When’s the last time you went to a butcher or fish guy and ordered six pounds of anything? “Hey, I was wondering if you can give me six pounds of salmon.” “Sure thing, bub. That’ll be a hundred and eight dollars.” “Um, thanks.” With mussels, you can. They're like $2.50 a pound. Three of us devoured (and I mean devoured: mussels are a sensual, hands-on affair) two pounds each of these strange sea critters. Even if you’ll usually find them clamped to the side of a rust-bucket boat or growing on ropes in some bay somewhere. They are a real pleasure with just a garlic, butter and cream broth, but we stepped out on a limb a little and made them “a la Portugeuse”, inspired by our experience at Casa Mono, which involved that wonderful spicy paprika-loaded chorizo sausage and a bottle of champagne to deglaze. Once I found a similar recipe in my recently-arrived-via-Amazon Les Halles cookbook, with Anthony Bourdain's smirking grin on the cover cajoling me into trying one of his recipes, the plan was in motion.

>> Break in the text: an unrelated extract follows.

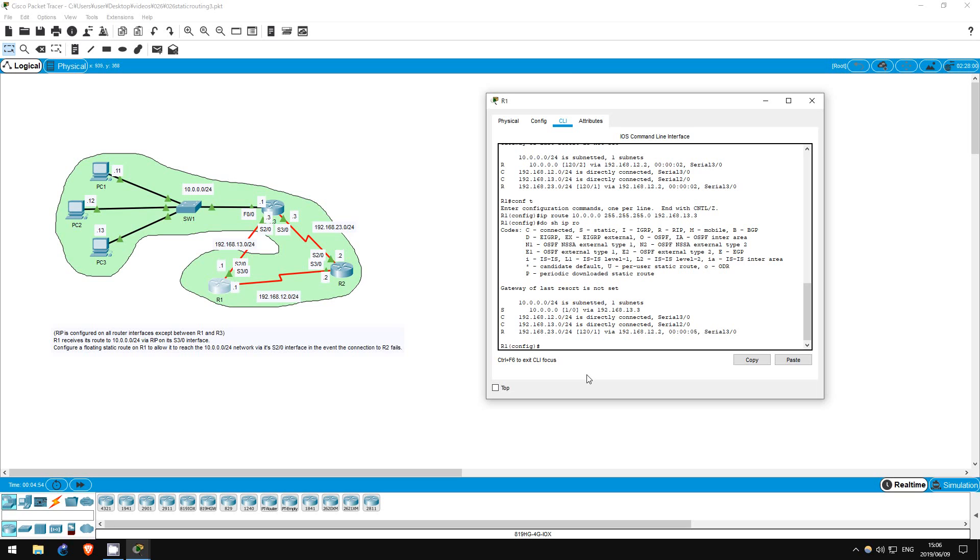Well, when configuring a static route, we can also specify the administrative distance for that route. If we specify an administrative distance higher than that of the RIP route, the static route will not appear in the routing table and thus not be used, unless we stop receiving the RIP route from R2 due to an interface failure or something.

Hi, crazy Max! Max, our third roomate, is a little bit excited by the champagne. He started pouring glasses while Nick was chopping garlic, onions and chorizo, and I had to remind him to save enough for the dish. I put him to work "de-bearding" the mussels, which means that you take the mussel in your hand and see if there is still a little frayed-looking thing coming out of one side. It’s the part where the mussel attaches to the rope, where spent its life. You want to yank this out. Also, if any of the mussels are not closed or are cracked, give them a pinch and put them aside in another bowl. If they’re still alive, they’ll respond by closing up. So when you’ve gone through the lot, check back and throw out any that haven’t closed up.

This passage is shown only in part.